Salone di Francoforte, 20 case assenti. Ma si spinge sull'elettrico

Andrea Silvuni

Un Salone di Francoforte in perfetta sintonia con la situazione dell’economia tedesca (la locomotiva guidata dalla Merkel ha rallentato e di parecchio) e, in generale, quella dell’industria dell’automobile che è 'schiacciata' da un lato dalla guerra dei dazi tra Cina e Stati Uniti e, dall’altro, dai problemi del rispetto ambientale e dell’adeguamento delle emissioni alle future e già stringenti normative.

Quella che si aprirà al pubblico il 12 settembre nella tradizionale sede della Frankurter Messe - occupando 4 padiglioni invece dei soliti 8 - è una edizione che evidenzia per la prima volta ben 20 defezioni e che fa sembrare 'preistoria' quei Saloni di Francoforte in cui i grandi gruppi tedeschi si sfidavano a suon di mega-padiglioni e di allestimenti hollywoodiani.

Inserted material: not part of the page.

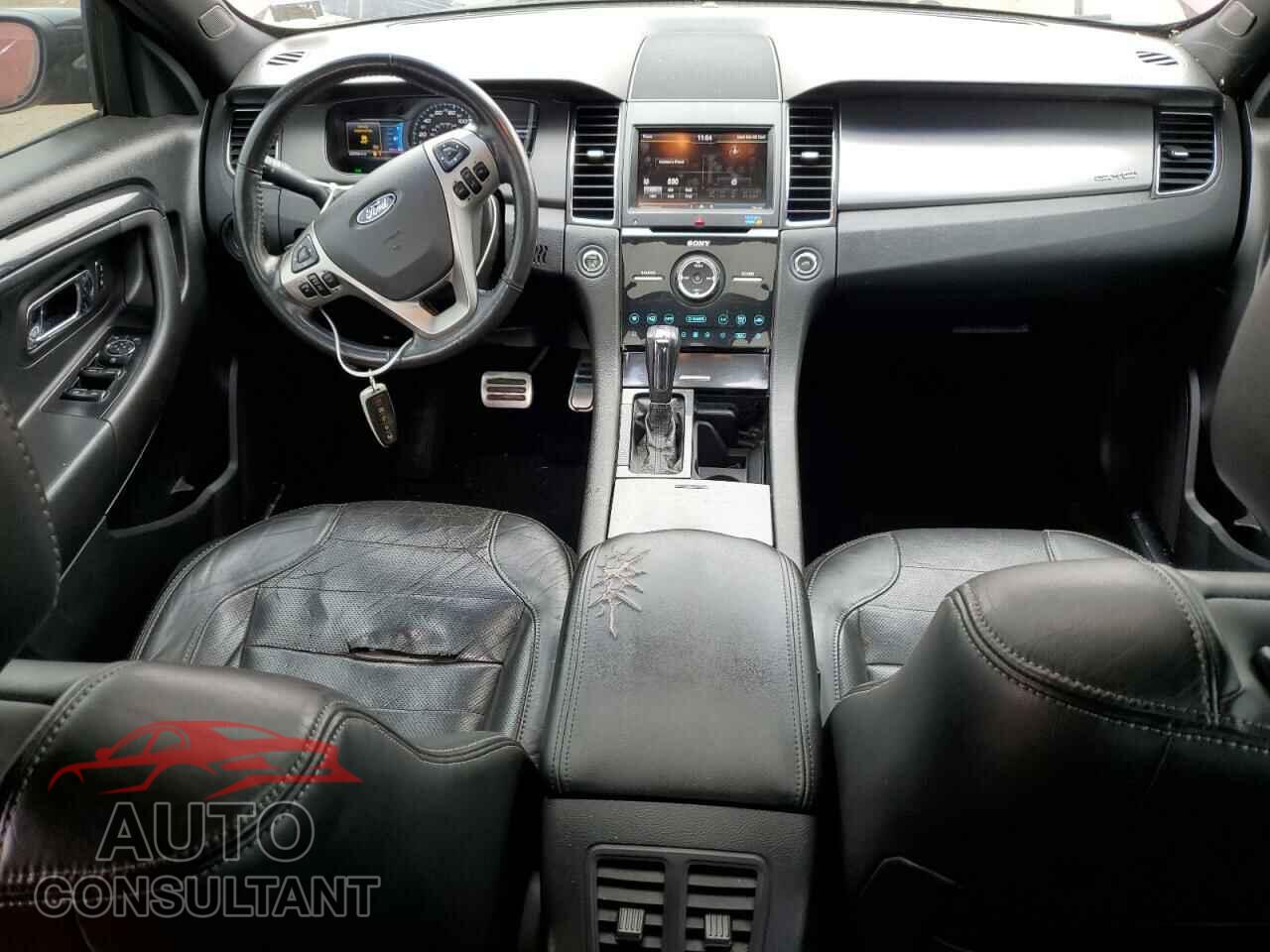 FORD TAURUS 2013 - 1FAHP2KT9DG100134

Le assenze Alla IAA 2019 mancheranno tutto il Gruppo FCA, tutto il Gruppo PSA (ad eccezione della marca locale Opel) e tutta l'Alleanza Renault-Nissan-Mitsubishi. E non ci saranno nemmeno Aston Martin, Cadillac, Chevrolet, Mazda, Rolls-Royce, Toyota e Volvo. E non ci saranno soprattutto molti dei grandi personaggi che animavano il Salone e il Fuorisalone, a cominciare dal padre-padrone della Volkswagen Ferdinand Piech (scomparso pochi giorni fa) e da Sergio Marchionne che manca ormai al mondo dell’auto da più di un anno. Si sentiranno anche le assenze di Carlos Ghosn (Renault e Nissan), di Rupert Stadler (Audi), di Dieter Zetsche (Daimler) e di Harald Krueger (Bmw) che, per scadenza dei mandati o allontanamenti forzati, non saranno sul 'car carpet' di Francoforte.

Una cosa è comunque certa: l’auto elettrica - grande protagonista a questo Salone 2019 con il debutto della Volkswagen ID.3 e di molti altri modelli BEV - si confronterà, soprattutto nei giorni di apertura al pubblico, con i modelli tradizionali, quelli con motori benzina e diesel, soluzioni propulsive queste che non sembrano affatto voler cedere il passo alla silenziosa propulsione a batteria. Dall’industria, soprattutto quella tedesca, arrivano segnali chiari: per prosperare occorre continuare a fare business con l'auto e per il momento i clienti non richiedono che una minima quota di auto 100% elettriche.